The way to Zaire was through this demon, she sensed it to her very bones. She simply had to figure out how to reach him. “So, let me get this straight. You were trapped inside Zaire like the other demons and nightmare creatures he took from dreams. That doesn’t seem particularly special to me. In fact, you’re even more parasitical than the others.” She sniffed. “You probably didn’t want to disappear, to go back to nothing more than a twisted thought after Zaire used your form.”

The smile turned fierce. “Or maybe I simply allowed him to believe what I wished him to believe. Maybe it is he who is nothing more than a dark, meaningless dream.”

Quinn allowed the words to chill her, but there was a hint of something else in his voice that hadn’t been there a second ago. Something a hair too confident, too firm. She took a half step forward. Several more feet separated them, yet a few inches closer made her tremble.

“What about his vow to Braden?” She held his blackhole gaze. “An innocent child, Zaire’s only living blood relative, the one person who made him fight to live?”

That black, forked tongue flickered between his lips. “Who?”

She forced another step. “You know who.
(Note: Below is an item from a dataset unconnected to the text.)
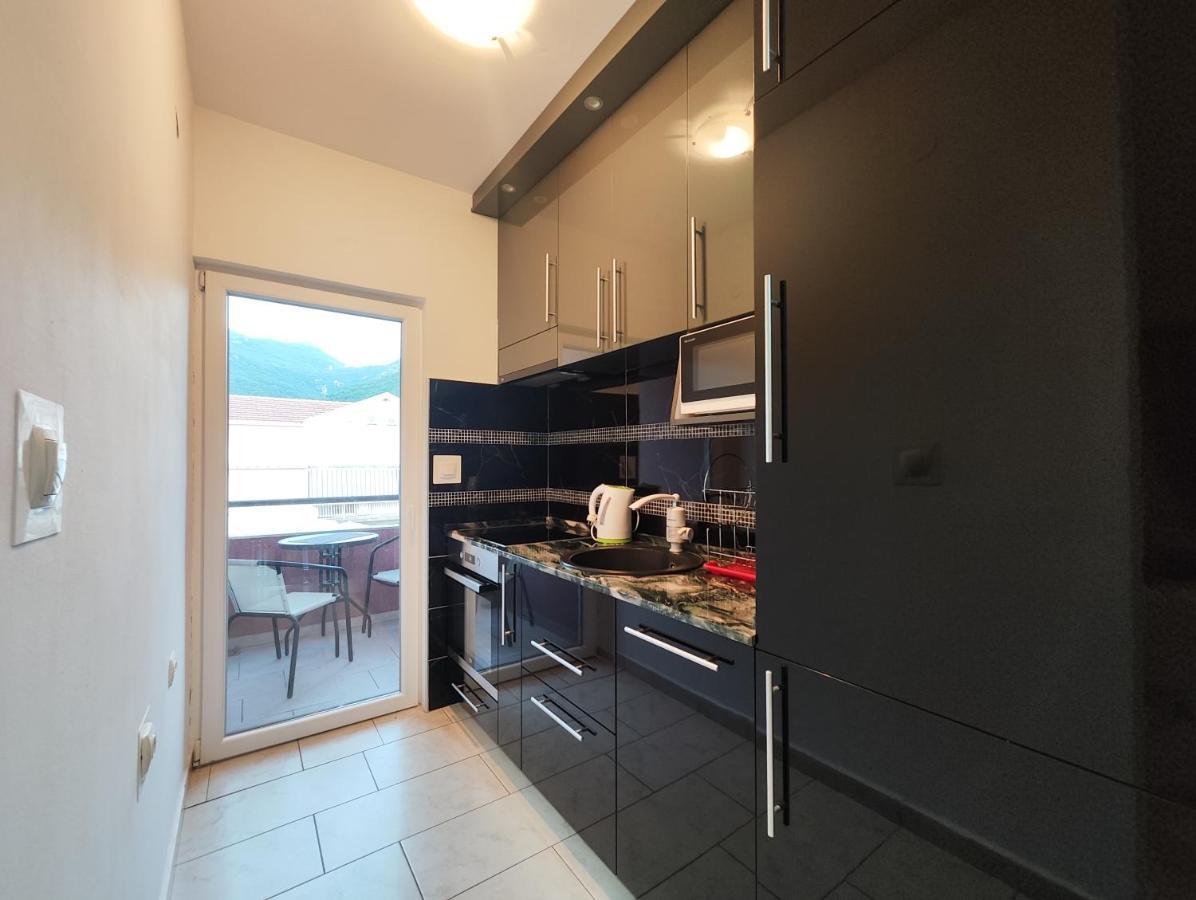 Sea Star Apartment Tivat Zewnętrze zdjęcie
Say his name.”

The Zaire-demon dipped his chin in a seductive, come hither look, and an unexpected heat flared through her, lingering in all the right spots. Of their own accord, her feet inched forward.

“I’d rather utter my name,” he said in a velvety croon. “So you’ll know who owns you.”

She stepped closer, unable to stop herself.

“So you’ll know what to call me when I’m making you moan, my little mouse.” He held her gaze as captive as the steel held him. His body heat filtered through her clothes, sinking into her skin, and everything that was once winter cold flushed with flames, tingling, throbbing. “When I’m rooted deep and unmovable inside you.”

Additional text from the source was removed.